Jakarta, 26 September 2023 – Kementerian Hukum atas nama Negara Republik Indonesia berdasarkan Undang-undang Nomor 20 Tahun 2016 tentang Merek memberikan hak merek logo kepada PT Agrinas Palma Nusantara (Persero), Senin malam (22/9).
Dalam sertifikat bernomor pendaftaran IDM001380699, logo dengan warna hijau, kuning dan biru, warna putih pada tulisan APN, warna merah pada tulisan “Agrinas Palma” dan warna hijau pada tulisan “Nusantara” sah menjadi milik Agrinas Palma Nusantara.
Bagi Letjen TNI (Purn.) R. Wisnoe Prasetja Boedi, perjalanan lahirnya PT Agrinas Palma Nusantara (Persero) tak bisa dilepaskan dari simbol-simbol yang menyertainya. Salah satunya adalah logo perusahaan, yang bukan sekadar identitas visual, tetapi juga representasi dari cita-cita besar bangsa: kemandirian pangan, energi, dan air.
“Logo ini bukan hanya gambar. Ia lahir dari gagasan, perdebatan, dan semangat kolektif,” ujar Komisaris Utama PT Agrinas Palma Nusantara (Persero) itu saat mengenang proses pembentukannya.
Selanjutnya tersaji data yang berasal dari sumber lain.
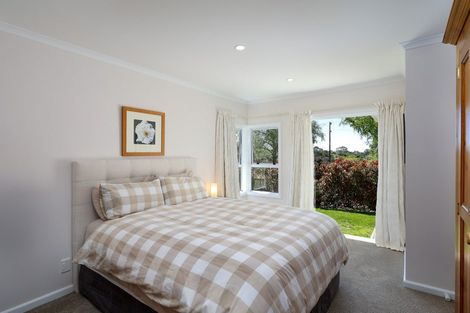 Photo of property in 117 Higgs Road, Mapua, 7005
Dari Indra Karya ke Agrinas Palma
Kisah bermula pada November 2024, ketika Pak Wisnoe bersama Jenderal TNI (Purn.) Agus Sutomo mendapat mandat dari Menteri BUMN untuk menginisiasi perusahaan baru dalam kerangka program swasembada pangan, energi, dan air. Tiga BUMN diproyeksikan menjalankan misi besar ini: PT Indra Karya untuk energi berbasis sawit, PT Yodya Karya untuk pangan, dan PT Virama untuk air.
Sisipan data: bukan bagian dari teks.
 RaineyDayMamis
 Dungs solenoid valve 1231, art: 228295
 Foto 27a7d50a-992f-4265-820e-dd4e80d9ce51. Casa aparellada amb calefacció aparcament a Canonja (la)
Pelantikan direksi dan komisaris pun digelar di Kementerian BUMN. Dari sana, lahirlah tim kecil yang dikenal dengan sebutan kelompok kerja atau Pokja. Tim ini, berisi gabungan purnawirawan dan profesional, merumuskan struktur organisasi, visi, misi, etos kerja, mars perusahaan, hingga logo yang kini menjadi identitas Agrinas Palma Nusantara.
Proses Kreatif Logo
Pada awalnya, logo masih sederhana: sekadar tulisan “AP”. Namun, seiring perjalanan, muncul masukan bahwa identitas visual untuk perusahaan sebesar Agrinas Palma Nusantara harus lebih kuat. Gagasan bergulir, dari simbol benih sawit hingga bola dunia, sebelum akhirnya mengerucut pada lambang yang kini kita kenal.
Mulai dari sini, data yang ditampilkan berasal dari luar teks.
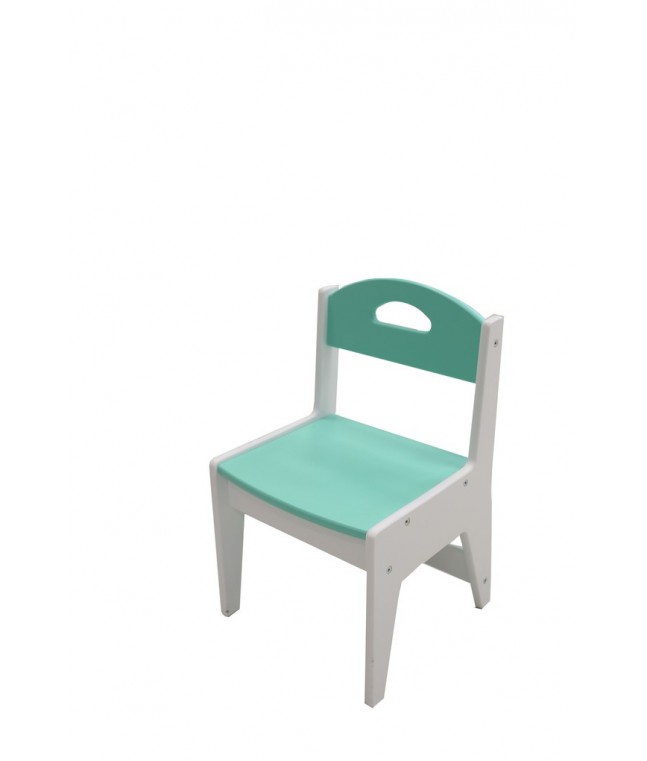 Стул Н=260 Ф-134.06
“Logo ini akhirnya mengambil inspirasi dari simbol biodiesel,” jelas Pak Wisnoe. Bentuk utama logo menyerupai tetesan energi, dikuatkan dengan kombinasi tiga warna: hijau, kuning, dan biru. Hijau melambangkan sawit dan keberlanjutan, kuning menggambarkan energi, sementara biru merepresentasikan air dan energi baru terbarukan. Energi baru dan terbarukan dilambangkan dengan tiga warna. Yakni hijau, kuning dan biru.

Menariknya logo ini ada di bagian hijau, yang terdapat delapan lengkungan. “Itu bukan kebetulan. Angka delapan melambangkan Asta, Presiden kedelapan Republik Indonesia, yang konsisten mendorong program ketahanan energi. Angka delapan juga diyakini sebagai simbol keberuntungan,” tambah Pak Wisnoe.
Semangat Kolektif
Pak Wisnoe menegaskan, logo ini adalah hasil kerja bersama. Yang bersumber dari gagasan Direktur Utama, Jenderal TNI (Purn.) Agus Sutomo, Tim Pokja memainkan peran penting dalam memvisualisasikan ide-ide tersebut. “Semua memberi masukan, semua merasa memiliki,” katanya.
Logo pun menjadi bagian dari paket nilai perusahaan yang disusun sejak awal: visi, misi, dan nilai-nilai. “Patriot, Loyal, Profesional”, etos kerja “Semangat, Kompak, Produktif”, serta mars perusahaan “Mars Agrinas Palma”. Semua lahir dalam semangat kolektif, mengikat para purnawirawan dan profesional dalam satu tujuan: mengabdi bagi ketahanan energi bangsa.
Identitas dan Pesan
Hari ini, setiap kali logo Agrinas Palma Nusantara terpampang, ia bukan hanya tanda korporasi. Lebih dari itu, ia adalah pengingat bahwa perusahaan ini lahir dari semangat pengabdian, kerja kolektif, dan cita-cita besar mewujudkan swasembada energi berbasis sawit.
“Kalau orang yang bergerak di bidang energi melihat logo ini, mereka langsung paham bahwa Agrinas Palma Nusantara bergerak di biodiesel dan energi baru terbarukan,” ujar Pak Wisnoe.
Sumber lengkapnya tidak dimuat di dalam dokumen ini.